Top of Records for the exercise

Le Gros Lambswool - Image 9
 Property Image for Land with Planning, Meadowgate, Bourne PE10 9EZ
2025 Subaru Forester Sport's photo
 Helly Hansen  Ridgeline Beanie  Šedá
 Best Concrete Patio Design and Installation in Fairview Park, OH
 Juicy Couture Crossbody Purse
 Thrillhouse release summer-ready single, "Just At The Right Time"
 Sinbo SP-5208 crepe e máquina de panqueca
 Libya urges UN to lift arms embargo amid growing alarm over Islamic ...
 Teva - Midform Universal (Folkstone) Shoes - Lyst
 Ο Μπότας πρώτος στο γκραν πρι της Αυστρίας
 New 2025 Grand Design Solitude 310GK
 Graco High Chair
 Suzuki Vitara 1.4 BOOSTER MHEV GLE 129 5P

Bottom of Records for the exercise

Task objective: Please print exactly the lines from the one containing "Graco High Chair" through the last line of the records, both included, and nothing else.

Response for this exercise:
 Graco High Chair
 Suzuki Vitara 1.4 BOOSTER MHEV GLE 129 5P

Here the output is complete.